Quasi – The Sword of God – Review

Quasi

The Sword of God (Touch & Go)
by Jon Sarre

Well ya know the Quasi duo of Sleater Kinney’s Janet Weiss and Sam “Puffy” Coomes (he of Heatmeiser and Elliot Smith sidemandom fame) are local heroes here in Portland, Ore-gone, can’t say I’ve ever listened to ’em, tho’, cuz the people I usually hang out with aren’t wont to throw in onea their records, and if ya came across one in their collection, they’d probably get all embarrassed and blame their girlfriend or somethin’. So that would leave me to go out and buy one, but I usually shop in stores with vast collections of old LPs retailin’ for 50 cents (“Hey look! Paul Revere and the Raiders!”) and Quasi records aren’t gonna crop up there for at least fifteen to twenty years, if they show up at all and I doubt I’ll even remember at that point.

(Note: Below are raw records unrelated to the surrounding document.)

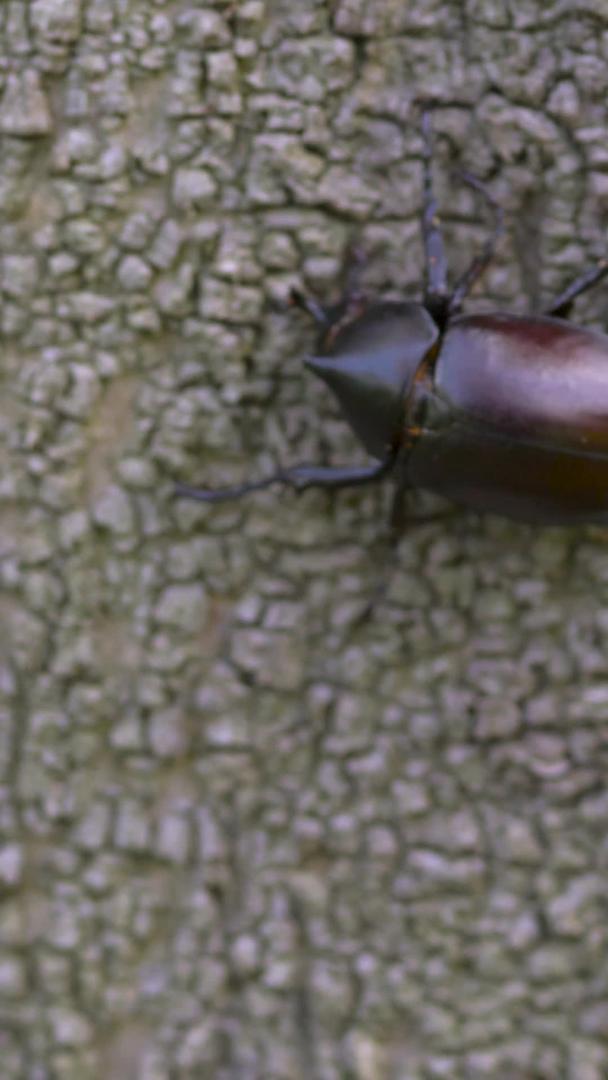 微距甲壳昆虫视频的预览图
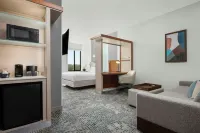 سبرنجهيل سويتس إيرفين جون واين أيربورت/أورانج كاونتي - 3-نجوم
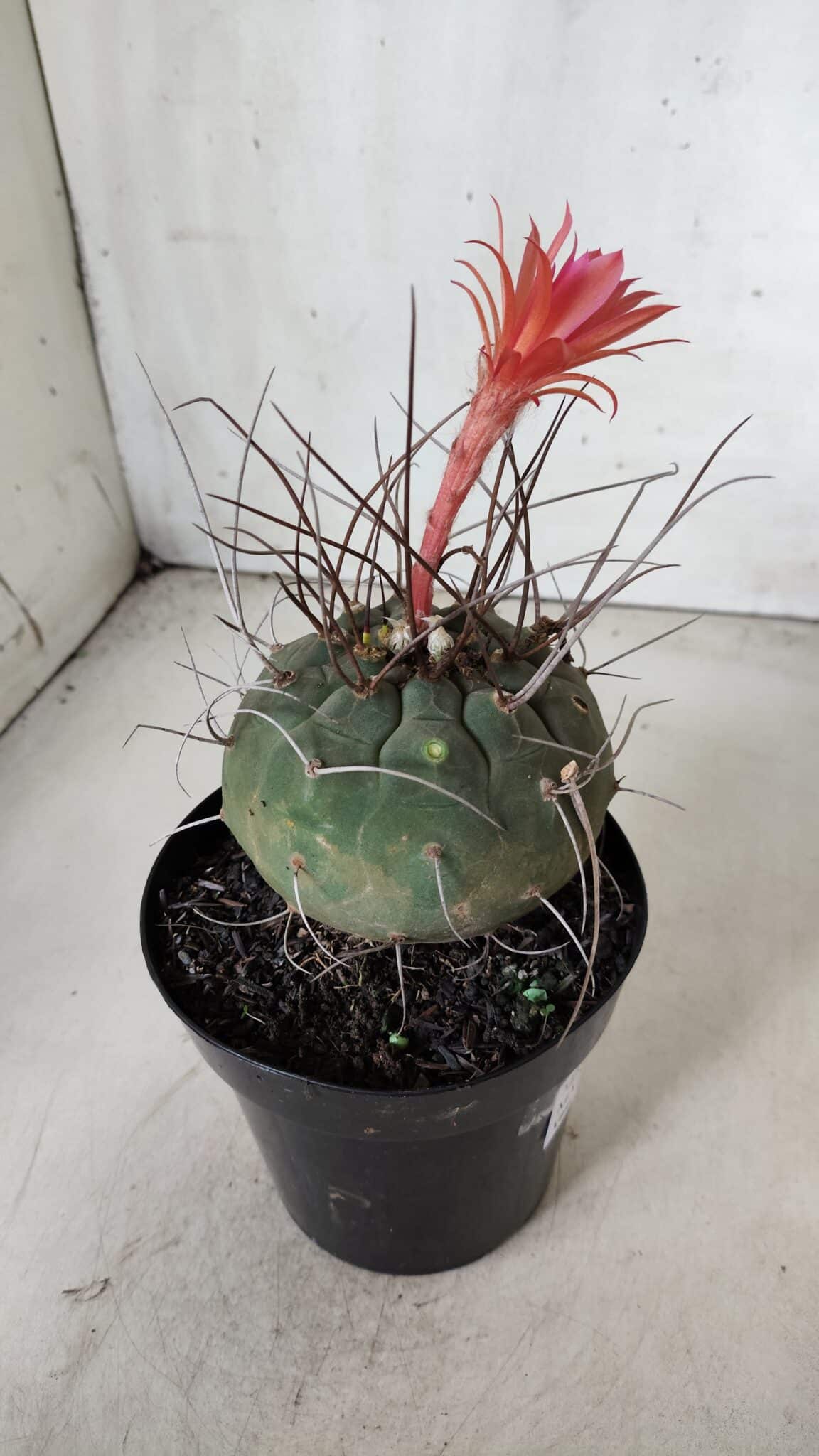 MATUCANA MADISONIORUM Nº 85 – vaso 15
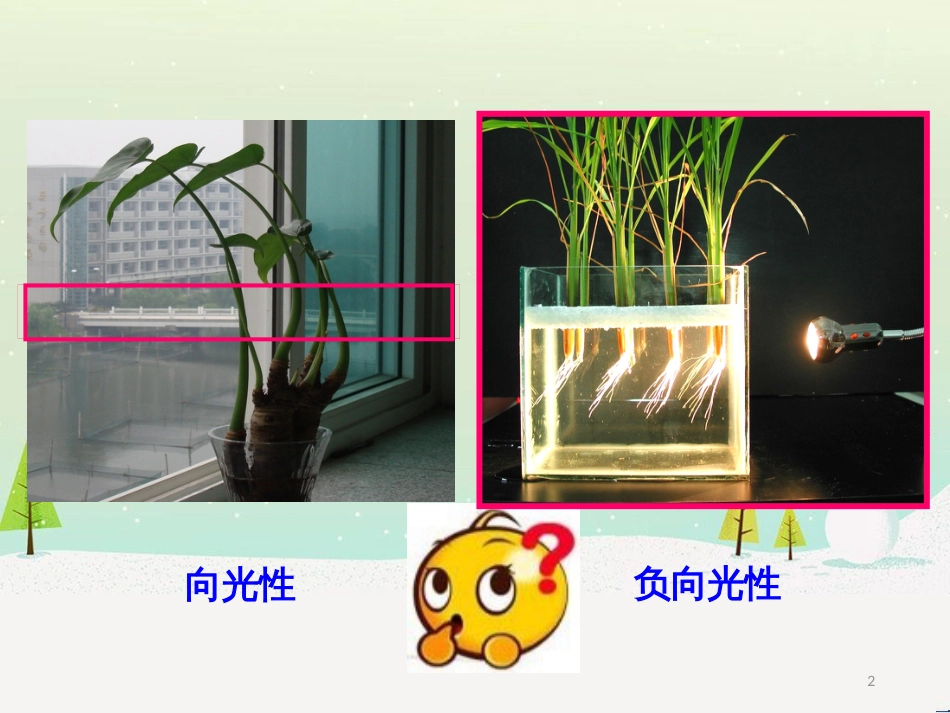 高中地理 第二章 城市与城市化 2.1 城市内部空间结构课件 新人教版必修2 (19)_第2页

Anyhow, lotsa people think Quasi are the elephant’s britches, tho’ like I said, I never bothered to find out. Coomes plays lotsa keys’n’guitar, too; Weiss drums steady pound pound pound and sometimes, like on “Fuck Hollywood” (it’s not as good as the Public Enemy/Ice Cube/Big Daddy Kane collaboration of the same name), they get all free jazzy and some guy named Stanley Zappa (Frank’s kid? His nephew? Who knows?) blows his sax out and I figure I can deal with this alright. Thing is, most of Sword of God is pretty blah blah blah sing singy-songy and they get real serious about bein’ pretty yet quirky (cuz like in “Genetic Science,” this broken-soundin’ Casio thingamabob shows up and does a kinda solo almost like a guitar, and the grunt rock into of “Seal the Deal” seques into indie rock “euphorism” culminatin’ with a minuscule jangle guitar solo). “The Curse of Having It All” smells like college radio “hit” material and that’s enough for me to not really like it (my fave on this, “It’s Raining,” in a twisted way sounds like Del Shannon’s “Runaway” crossed with Dion’s “The Wanderer”). “Goblins & Trolls” has a big fat riff that’s copped from somethin’ I have on the tip of my brain stem, yet I can’t quite get it out (Sabbath???!!!), but it’s still purty like the alt-country “Better Luck Next Time.” The closer, “Rock & Roll Can Never Die,” is an instrumental and mebbe Quasi’s bein’ ironic too, cuz it’s pretty much based on an AC/DC riff with cowbell added just in case ya didn’t get the joke, if there indeed is one…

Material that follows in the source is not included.